Items listed in a dataset
**********

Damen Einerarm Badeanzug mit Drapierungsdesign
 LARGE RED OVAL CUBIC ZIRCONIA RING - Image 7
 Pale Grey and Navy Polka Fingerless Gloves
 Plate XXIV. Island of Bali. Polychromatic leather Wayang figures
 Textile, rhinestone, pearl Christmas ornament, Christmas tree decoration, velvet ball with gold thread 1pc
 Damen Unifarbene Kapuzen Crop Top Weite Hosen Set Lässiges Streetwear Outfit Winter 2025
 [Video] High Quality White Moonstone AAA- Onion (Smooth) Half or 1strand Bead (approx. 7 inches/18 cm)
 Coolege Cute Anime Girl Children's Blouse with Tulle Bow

**********

WORK INSTRUCTION »
Only the lines from the one with "Plate XXIV. Island" through the final line above should be repeated, each exactly as written.

ANSWER TO THIS PROBLEM »
 Plate XXIV. Island of Bali. Polychromatic leather Wayang figures
 Textile, rhinestone, pearl Christmas ornament, Christmas tree decoration, velvet ball with gold thread 1pc
 Damen Unifarbene Kapuzen Crop Top Weite Hosen Set Lässiges Streetwear Outfit Winter 2025
 [Video] High Quality White Moonstone AAA- Onion (Smooth) Half or 1strand Bead (approx. 7 inches/18 cm)
 Coolege Cute Anime Girl Children's Blouse with Tulle Bow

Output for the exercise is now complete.